Case ID: watts_1/html/0042-01.html
Source: Caselaw Access Project
Author: {"author": "\n      Per Curiam.", "license": "Public Domain", "url": "https://static.case.law/"}
Date Created: 2024-08-24T03:29:51.129683

White against Willard.
    The omission of the treasurer to file the bond, given for the surplus purchase money of a tract of land sold for taxes, does not vitiate the purchaser’s title.
    ERROR to the common pleas of Mercer county.
    Ejectment. Crawford White purchased the land in dispute at a treasurer’s sale for taxes in 1816, and then gave a bond for the surplus purchase money, beyond the amount necessary to pay the taxes and costs, and received his deed.

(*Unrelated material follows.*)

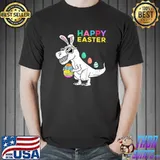 Kids Happy Easter T Rex Dino With Bunny Ears Funny Egg Boys Girls T-Shirt Unisex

The bond was mislaid by the treasurer, and not found until 1823, when he filed it in the proper office. The original title was in Peter Willard the defendant, whose counsel contended that the omission to file the bond was fatal to the plaintiff’s title; and of that opinion was the court below, by whose direction a verdict and judgment were rendered for the defendant. This was the only point argued here.
   Per Curiam.

The point contested here was certainly not decided in Sutton v. Nelson, 10 Serg. & Rawle 238, nor an opinion on it intended to be intimated. The word “filing” was carelessly used for delivering, on a supposition that the one would follow the other as a matter of course; but it was not supposed to be the business of the purchaser to attend to the duty of the officer, further than to see that he had the bond; or to make him answerable for negligence not his own. For whose benefit is the officer to perform this particular duty ? Certainly for that of the former owner, who alone has remedy against him for a breach of it; and this shows that the purchaser is not the party to suffer by the officer’s negligence. If then the purchaser has performed his part by delivering the bond, he is not chargeable with negligence in remaining ignorant of the officer’s omission for seven or any other number of years. But granting him to have been aware of the fact, yet not being, a trustee for any one, it was not his business to interfere, which is still more conclusively shown by his total.inability to control the officer’s actions. There was error therefore in charging that the omission of the treasurer was fatal to the title.

Judgment reversed, and a venire de novo awarded.